Syria: Arab League suspension threat illegal

Al Jazeera reports: Syria’s foreign minister has condemned the Arab League’s threat to suspend the country over its crackdown on protests, saying the move would be “illegal” and a “dangerous step”.

“The suspension of the Arab League membership is illegal,” Walid al-Muallem told a press conference in Damascus on Monday.

Al-Muallem also criticised the Cairo-based regional bloc’s relations with the United States, calling the US an “unofficial member” of the league.

“The Arab League said it worked for stopping the violence in Syria and said the US is not a member of the Arab League… but they are an unofficial member,” he said.

Al-Muallem added that he was confident Russia and China, who have rejected calls for tougher international action against Damascus, would not change their stance on Syria at the UN Security Council.

The foreign minister also apologised for attacks on foreign diplomatic missions over the weekend. Government supporters raided the Qatari and Saudi embassies in Damascus on Saturday night. On Sunday, the Turkish embassy and consulates were attacked.

The New York Times reports: Turkey sent planes to evacuate its diplomats’ families from Syria on Sunday after a night of attacks on foreign embassies in Damascus, the capital. The events seemed sure to deepen Syria’s most pronounced isolation of the four decades of Assad family rule.

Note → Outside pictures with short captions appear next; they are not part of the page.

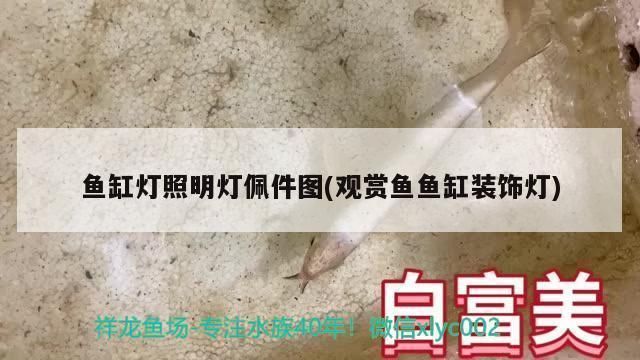 淄博龍魚水族店：淄博地區(qū)與龍魚相關(guān)的店鋪推薦 淄博龍魚水族店：淄博地區(qū)與龍魚相關(guān)的店鋪推薦 觀賞魚百科 第4張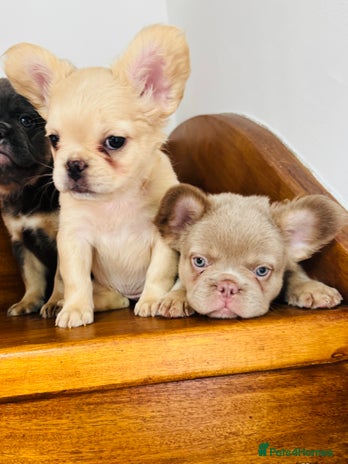 French Bulldog dogs - Advert 3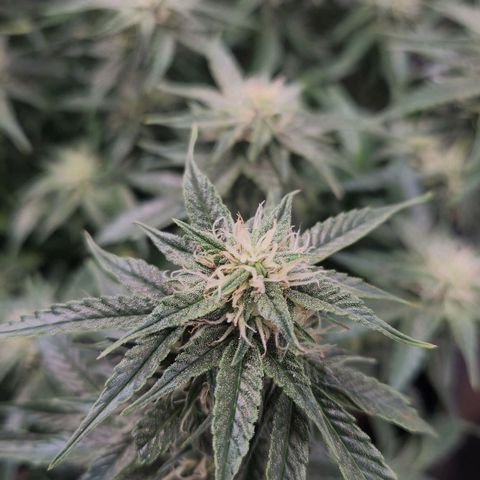 Do Si Dos Auto growlog timeline photo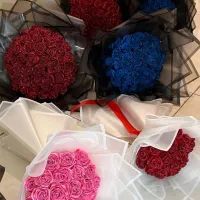 فروش انواع گل رز روبانی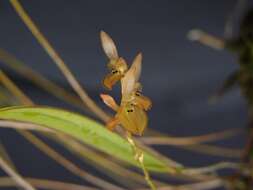 Image of Acianthera octophrys (Rchb. fil.) Pridgeon & M. W. Chase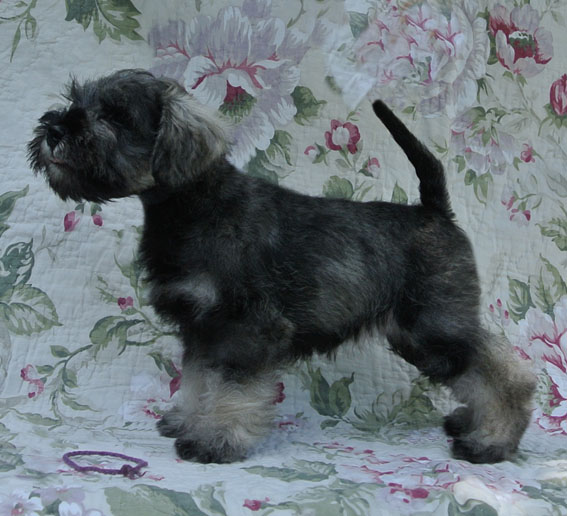 Uptown Girl Peppersdegabritho Peppersdegabritho Zwergschnauzer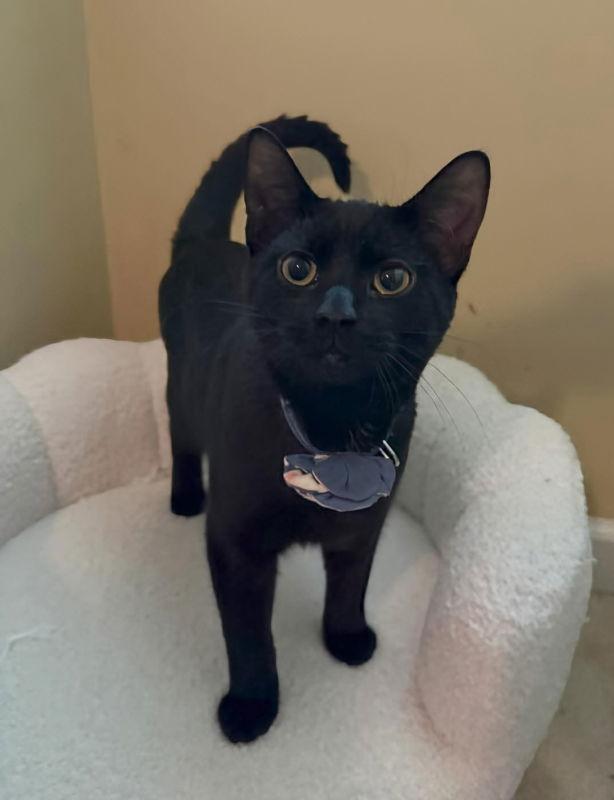 Bridgerton, a Adopted mixed breed in Knoxville, TN image 3/3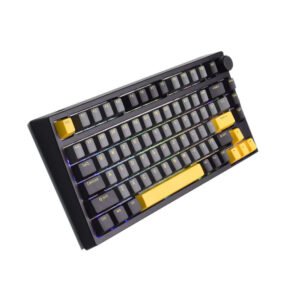 GamaKay TK75-SE 75% Gasket Mount Mechanical Gaming Keyboard Outemu Switch RGB Triple Mode Hot Swappable PBT Cherry Profile Keycaps Custom Keyboard Color Black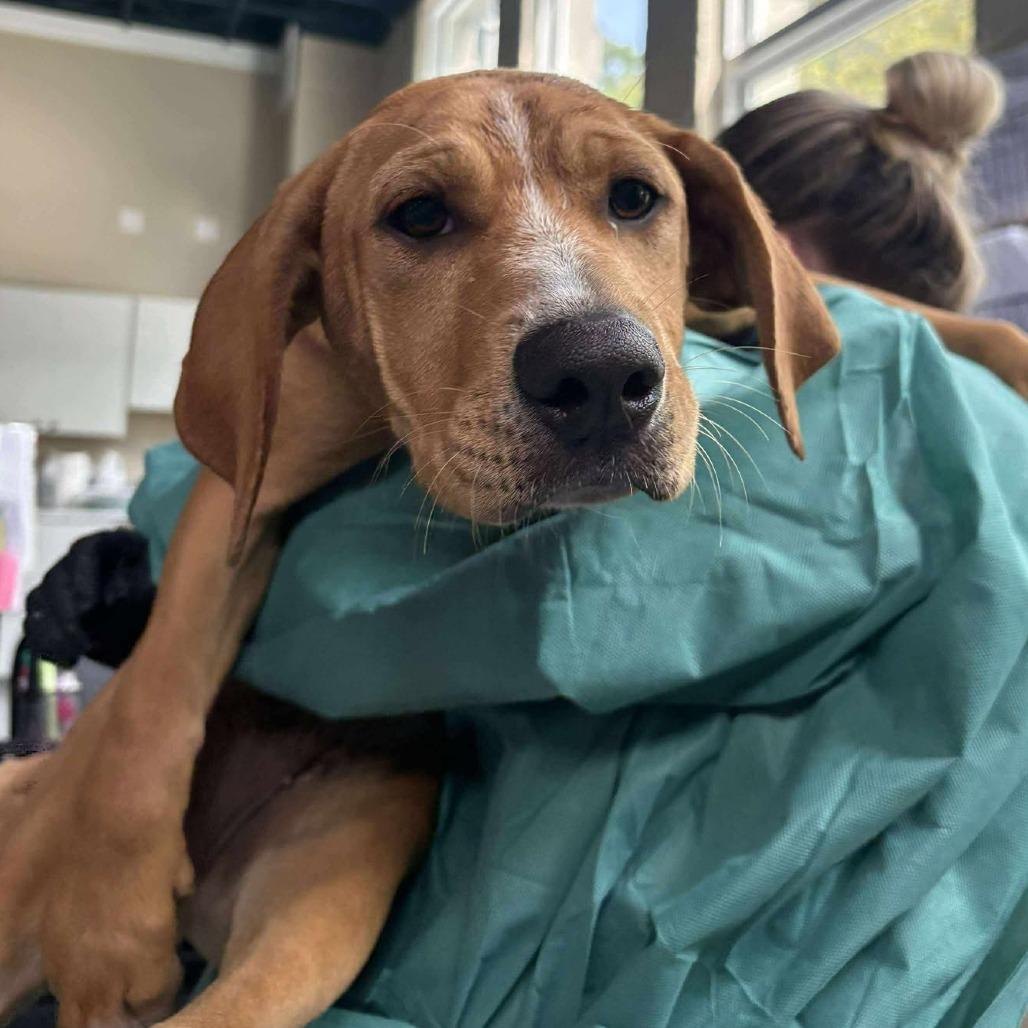 Enlarge Sol, a Adoptable Mixed Breed in Huntington, WV image 2/2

Several thousand Syrians attacked the embassies and consulates of Turkey, Qatar, Saudi Arabia and France on Saturday evening, shortly after the Arab League announced its surprising decision to suspend Syria’s membership for failing to end the bloody crackdown on antigovernment protesters.

Turkey’s evacuation, and denunciations of the attacks by other countries, set the stage for a tumultuous week in the uprising against the government of President Bashar al-Assad, which began in March.

The Arab League has invited Syrian opposition figures to Cairo on Tuesday in what seems to be a bid to close the ranks of an unwieldy group. If Syria does not relent in its crackdown, which the United Nations says has killed more than 3,500 people, the suspension will take effect on Wednesday.

The Los Angeles Times notes the growing influence of Qatar which currently chairs the Arab League.

Little Qatar, far away in the Persian Gulf, doesn’t have the physical or military presence of Turkey. But it does have outsized ambitions, diplomatic dexterity, extreme wealth — and the populist force of its Al Jazeera network. Qatar stoked the early days of the Arab Spring and became a leading and sometimes controversial voice for government change in Libya, a role it has now assumed in Syria.

The emirate’s leaders have keenly understood — and certainly benefited from — the changing dynamics reshaping an Arab world unbound from autocrats and suppression.

Qatar is capitalizing on, and Assad is in danger of succumbing to, the most transformative moment in the region since the doomed specter of pan-Arabism of the 1960s. The powers that made up the core of that world have steadily diminished over the years while the oil nations of the Persian Gulf have assumed larger roles in diplomacy, finance and media.

In some respects, Qatar’s influence is eclipsing even that of traditional powers, such as Saudi Arabia and Egypt. Riyadh has been accused of hypocrisy in its vociferous support for dissidents in Syria while simultaneously helping to crush protests in neighboring Bahrain. Egypt, meanwhile, is consumed with its own political turmoil in the wake of President Hosni Mubarak’s ouster.

Qatar’s ambitions are often larger than regional conflicts and dalliances. To the envy of its neighbors, Doha won the bid to host the 2022 World Cup soccer championship, based partly on an audacious promise to install high-tech air conditioning to cool stadiums during the sweltering gulf summer.

The emirate is adroit at playing all sides: It is home to a U.S. military base, yet it keeps close to the passions of the Arab street through Al Jazeera and maintains cordial relations with Iran, the regional giant just across the gulf.